[Data extracts]
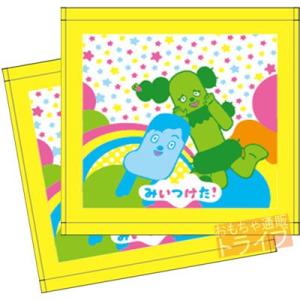 ウォッシュタオル みいつけた！「ホロホロスター」お買い得２枚組・メール便対応品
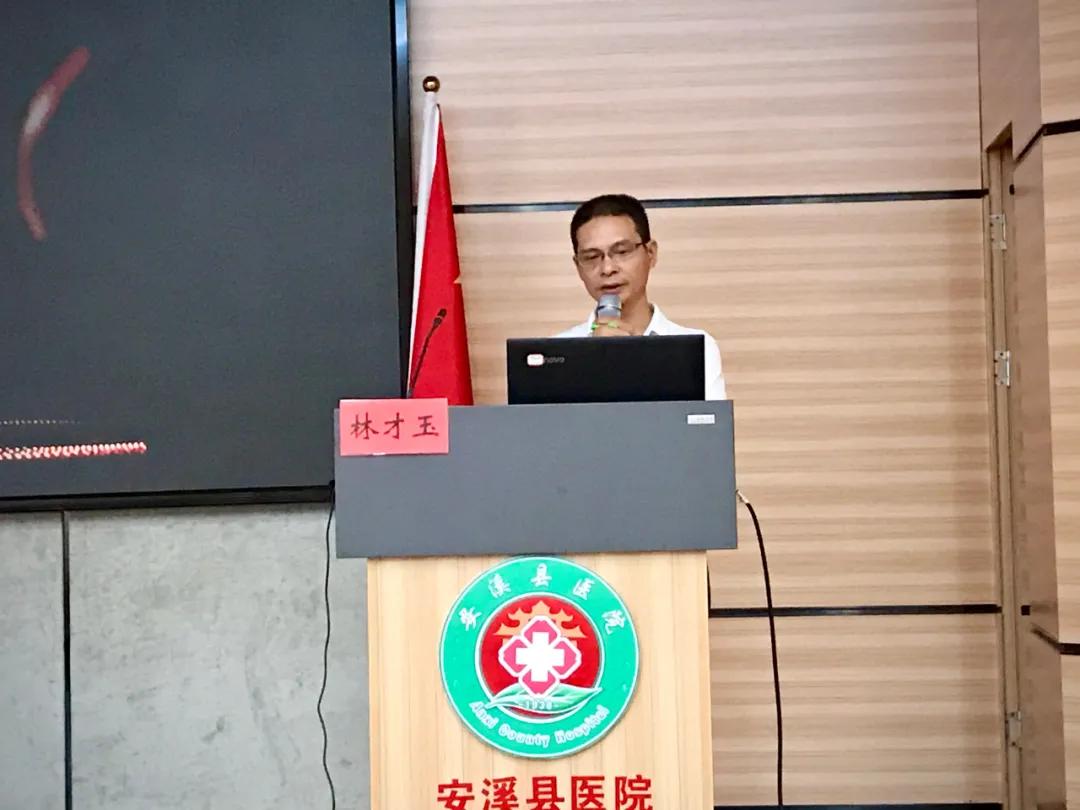 泉州市第一届头颈部创伤和肿瘤诊治学习班在安溪县医院举办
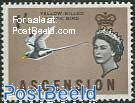 1Sh, Yellow billed tropic bird, Stamp out of set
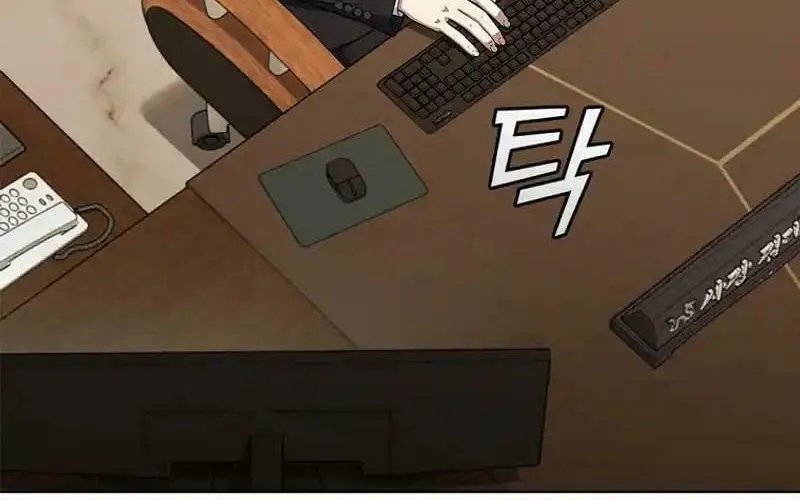 Read I Can Do It chapter 67 image 15 on Lezhin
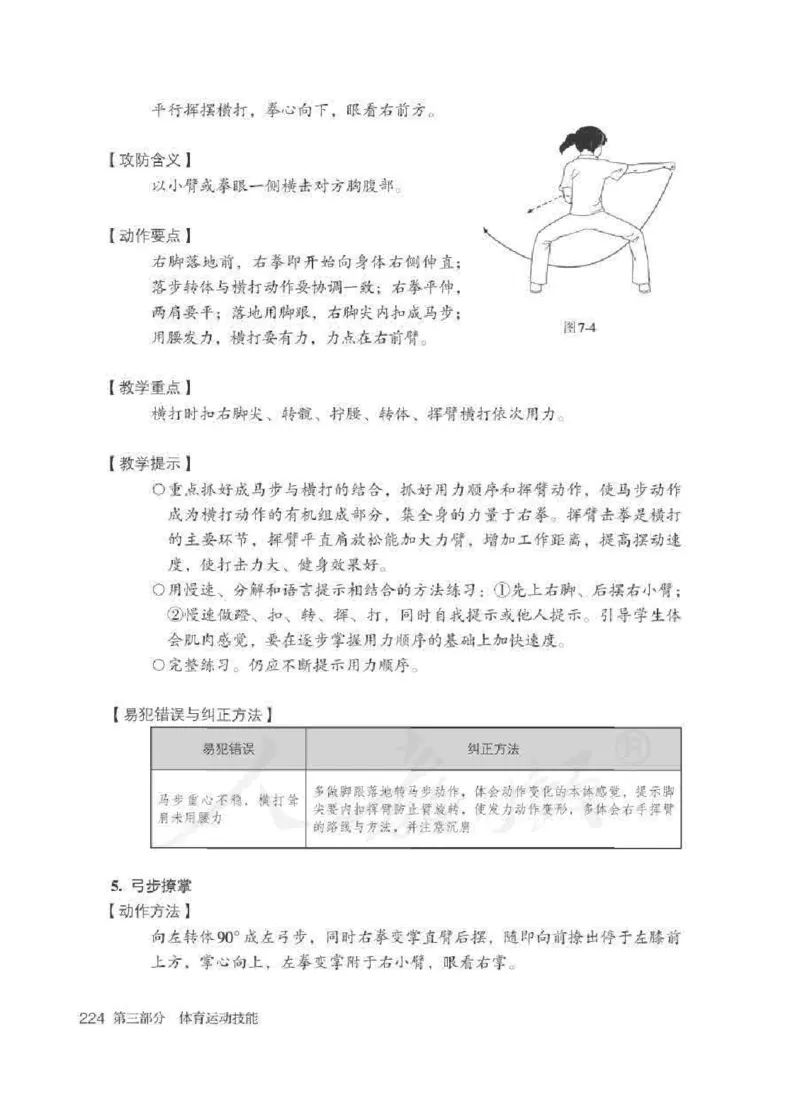 体育5-6年级_教资初高中_教资面试2025教资面试备考资料合集_教资面试资料合集_2025教资面试资料_25上教资面试中学合集_教资面试逐字稿_小学体育面试逐字稿和教案_电子课本体育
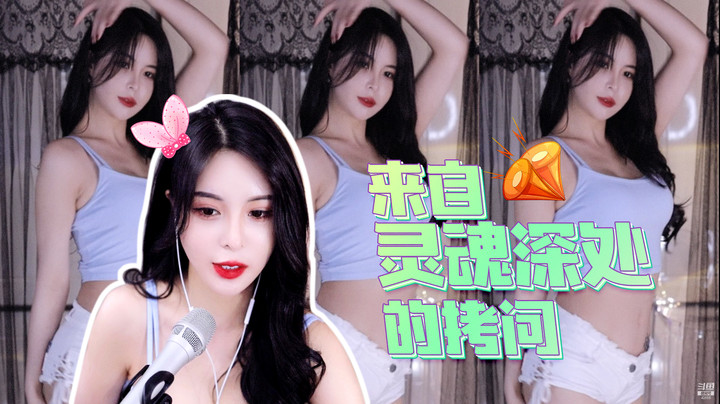 【苏恩Olivia】来自灵魂深处的拷问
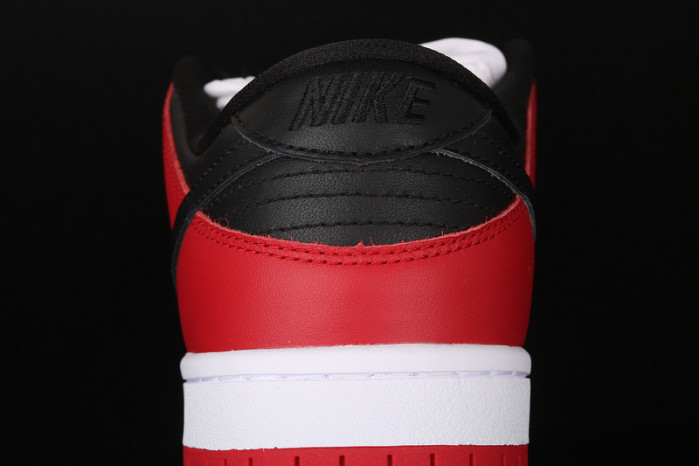 nike sb dunk low j-pack chicago - bq6817-600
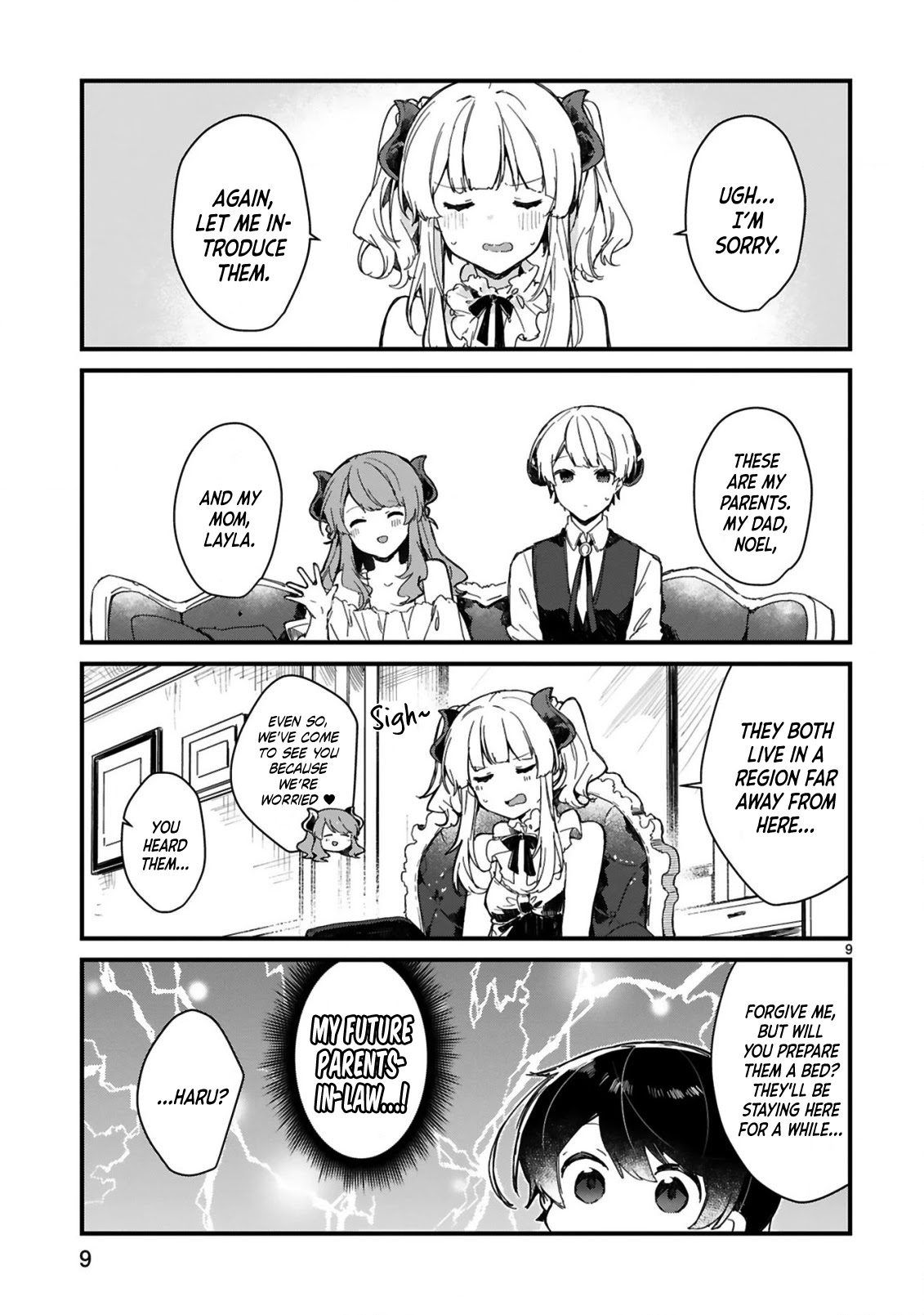 Maou-Sama To Kekkonshitai (Serialization) - Chapter 13: The Demon Queen Wants To Open Up.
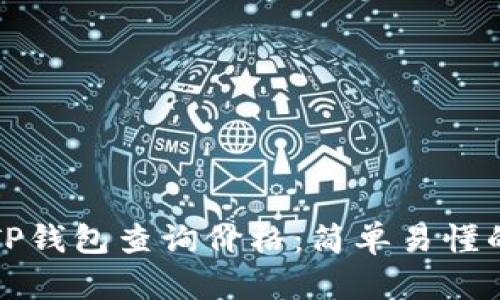 如何使用TP钱包查询价格:简单易懂的终极指南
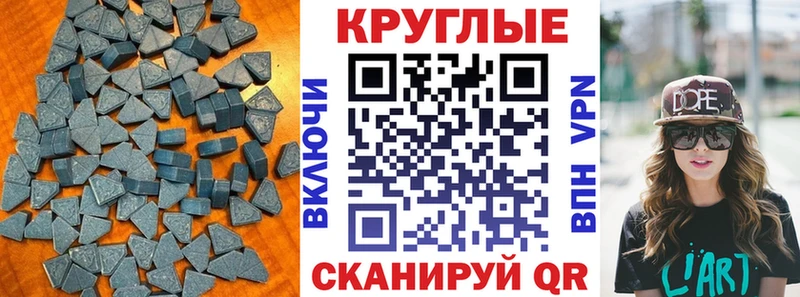 ЭКСТАЗИ 250 мг  Спас-Клепики 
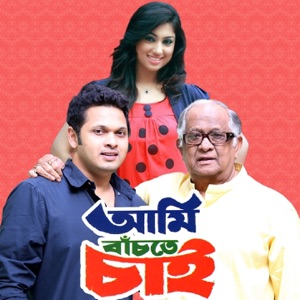 Ami Bachte Chai - EP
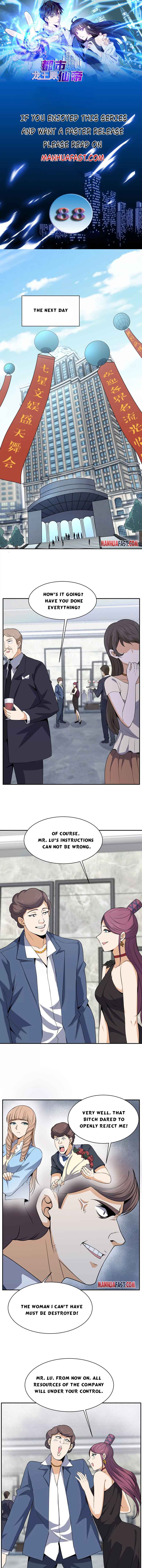 Page 1 of Chapter 88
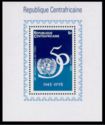 United Nation 50th Anniversary souvenir sheet vertical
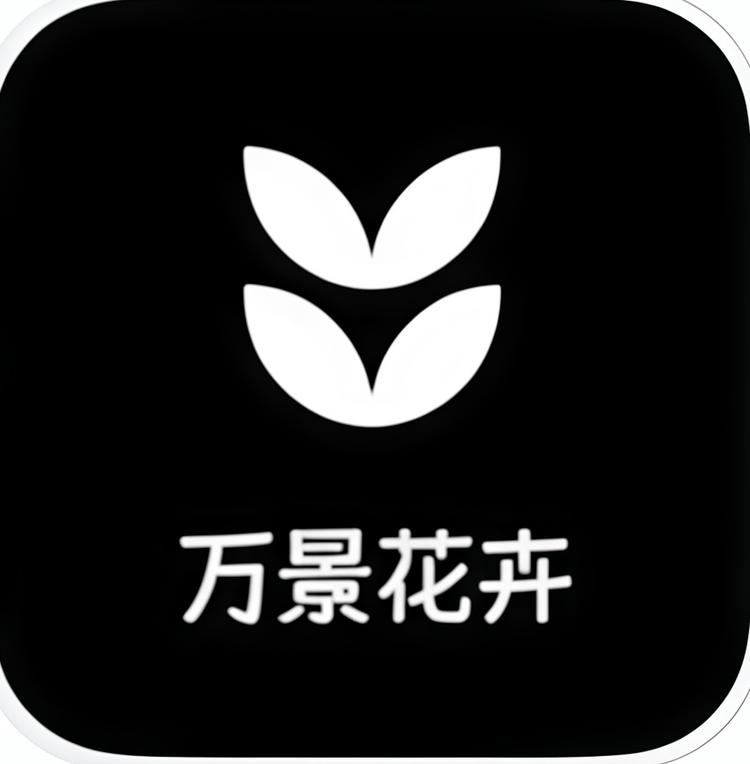 晋宁万景生活坊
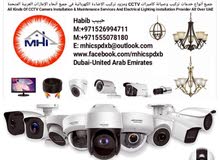 CCTV Installation Services CCTV Installation Services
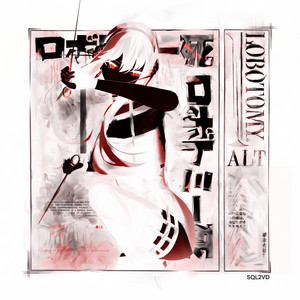 LOBOTOMY ALT by SQL2VD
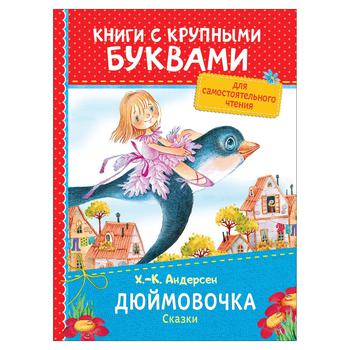 Книга Х.К. Андерсен. Книги с крупными буквами. Дюймовочка - купить, цены на КОСМОС - фото 1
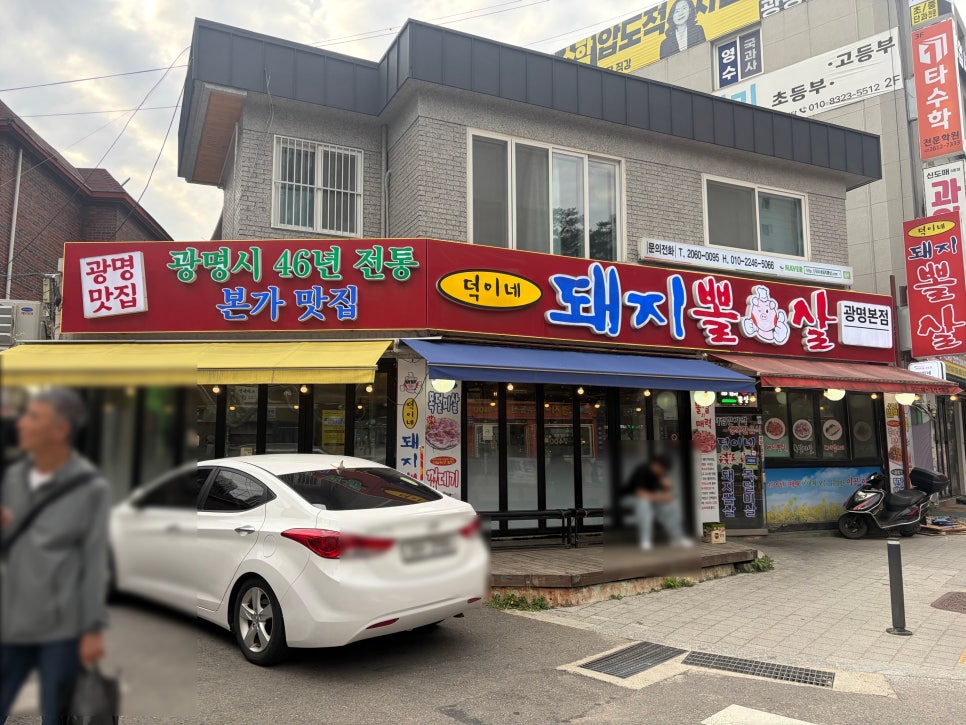 덕이네돼지뽈살 광명본점 사진 1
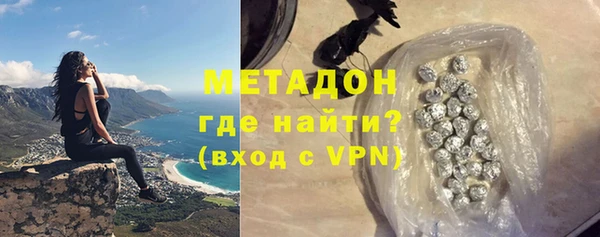 синтетический гашиш Балабаново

[Problem statement] Everything from the first line of the entries through the line that contains "Maou-Sama To Kekkonshitai" is to be reproduced exactly, except the pictures.

[Worked solution]
 ウォッシュタオル みいつけた！「ホロホロスター」お買い得２枚組・メール便対応品
 泉州市第一届头颈部创伤和肿瘤诊治学习班在安溪县医院举办
 1Sh, Yellow billed tropic bird, Stamp out of set
 Read I Can Do It chapter 67 image 15 on Lezhin
 体育5-6年级_教资初高中_教资面试2025教资面试备考资料合集_教资面试资料合集_2025教资面试资料_25上教资面试中学合集_教资面试逐字稿_小学体育面试逐字稿和教案_电子课本体育
 【苏恩Olivia】来自灵魂深处的拷问
 nike sb dunk low j-pack chicago - bq6817-600
 Maou-Sama To Kekkonshitai (Serialization) - Chapter 13: The Demon Queen Wants To Open Up.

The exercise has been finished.